12 — Testing¶

Testing in k8s-lab is the operator's contract for "did my change keep the canonical flow green?" There are three layers and they are run in this order whenever a role, a chart, or a module is touched:

make lint — yamllint, ansible-lint, terraform fmt -check, helm lint. Cheap, deterministic, runs in seconds.
Per-role Molecule scenarios — one scenario per Ansible role under tests/molecule/, driven by Molecule's delegated driver on top of a single shared Vagrant + libvirt VM. Each scenario runs prepare → converge → idempotence → verify → destroy against the live VM.
make test-local-e2e — the e2e-local Molecule scenario, which executes the full canonical flow (substrate → bootstrap → pivot → cleanup → workload, plus Gates A/B at every cluster).

The harness is the only end-to-end driver shipped in the repo.
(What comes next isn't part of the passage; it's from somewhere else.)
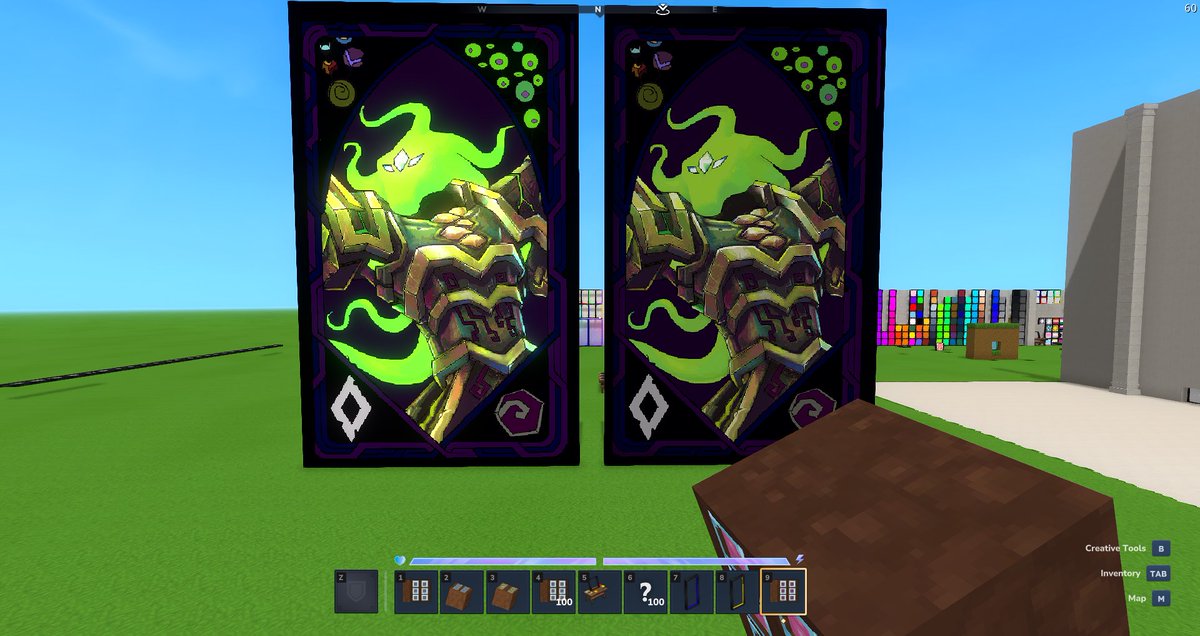 bluebellgb's tweet photo. Well New mega Stained glass Window done for V6 of my Color Stained Glass Panels! Mod for Hytale I made this base on the bad guy Varyn if going do 1 of Gaia we got have bad guy too. So tell what think all i try my best. I spent 8hs on him. #hytale #hytalemodded #hytalemods #Varyn https://t.co/mHcAvssTF0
There is no CI; the "test before commit" rule (plan §2.11a, user-memory feedback_test_before_commit) is enforced by running this locally on the developer's machine.
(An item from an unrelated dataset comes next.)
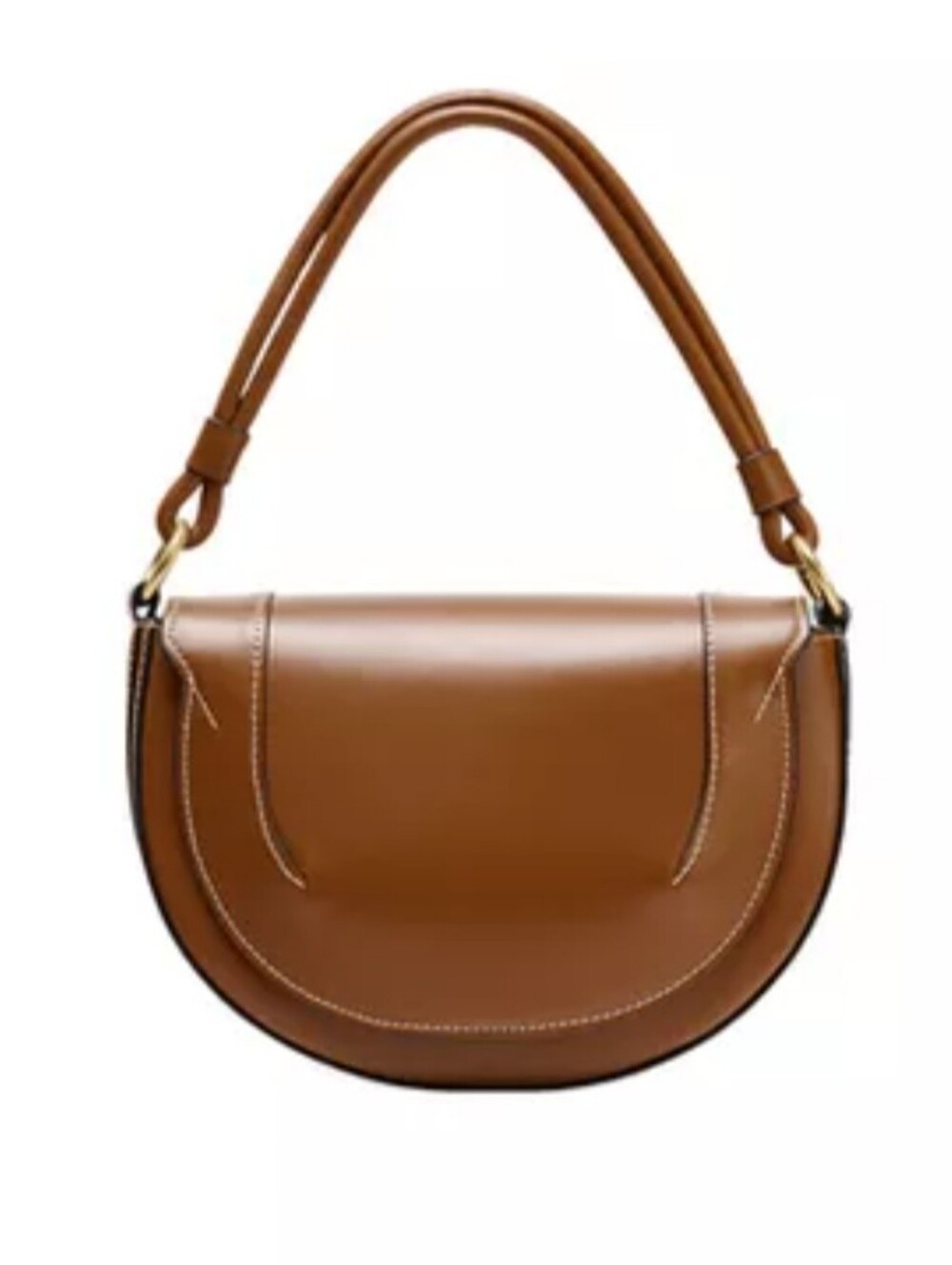 Zara Tan Crescent Crossbody Bag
The full specification lives in plan §9 (local development and testing) and §9.5 (shared inventory architecture).

1. Lint¶

make lint is the entry point for static checks. It chains four sub-targets in the order they typically catch the most bugs:

make lint
# == lint-yaml
# == lint-ansible
# == lint-terraform
# == lint-helm

Sub-target	What it runs	Scope
`make lint-yaml`	`yamllint -c .yamllint .`	every `.yml`/`.yaml` in the repo against `.yamllint`
`make lint-ansible`	`ansible-lint roles/` from `ansible/`	every role under `ansible/roles/`
`make lint-terraform`	`terraform -chdir=<d> fmt -check -recursive` for every TF directory under `terraform/` and `tests/fixtures/terraform/`	formatting only — not `terraform validate`
`make lint-helm`	`helm lint <chart>` for every `charts/*/` with a `Chart.yaml`	the five wrapper charts (`capi-cluster-class`, `capi-workload-cluster`, `cni-calico`, `metallb`, `metallb-config`)
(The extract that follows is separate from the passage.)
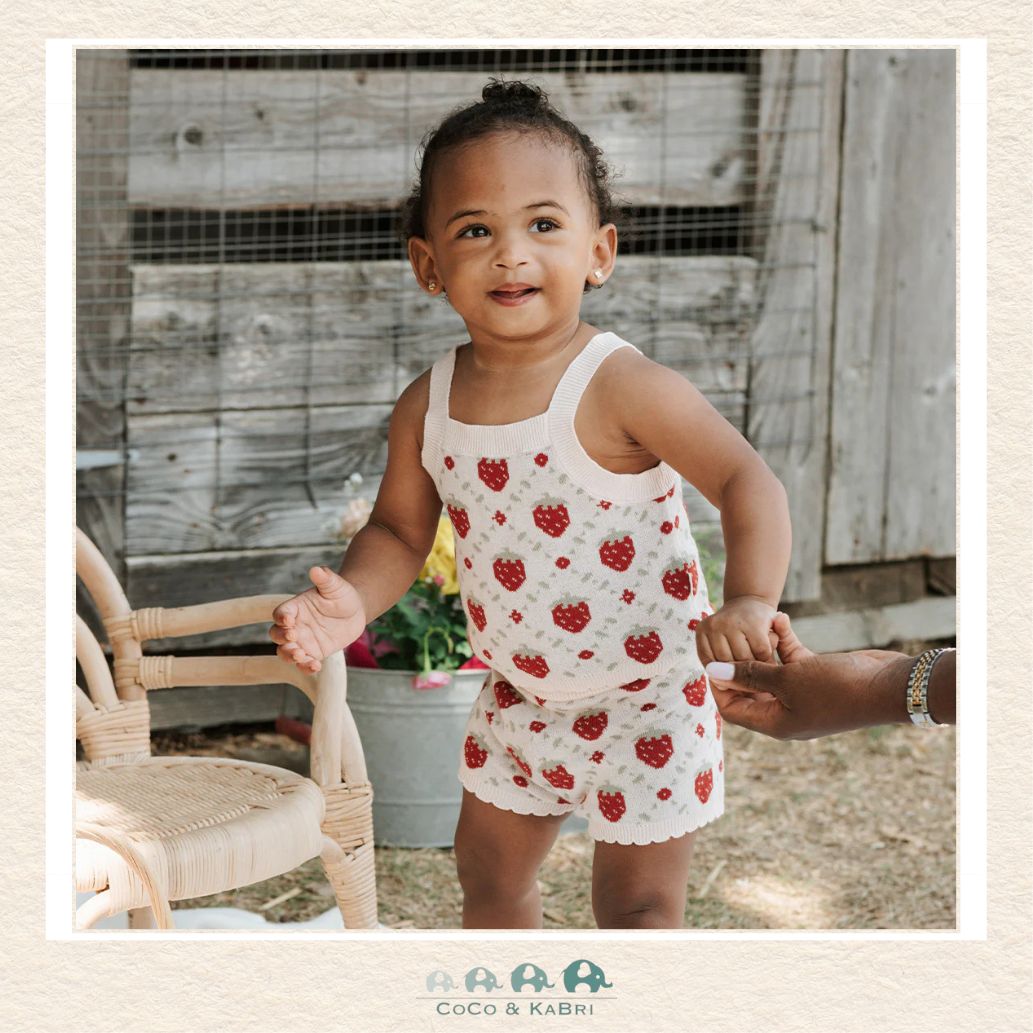Petit Lem: Strawberry Knit Short Set, CoCo & KaBri Children's Boutique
When to run: before every commit, and again before opening any PR. Lint failures are not optional and not gated on changed files — the contract is "the entire repo is lint-clean at HEAD". The Python side (yamllint, ansible-lint) requires the project venv to be active; terraform and helm come from the system PATH.

2. Molecule scenarios¶

Every Ansible role under ansible/roles/ has a matching scenario directory under tests/molecule/. The naming contract (plan §9.5.2):

The scenario directory name (kebab-case) equals the role directory name (snake_case → kebab-case). E.g. role bootstrap_clusterctl ⇄ scenario directory bootstrap-clusterctl. The scenario's scenario.name field in molecule.yml keeps the snake_case form so that MOLECULE_SCENARIO_NAME matches the role directory consumed by shared/converge.yml (see §3 below).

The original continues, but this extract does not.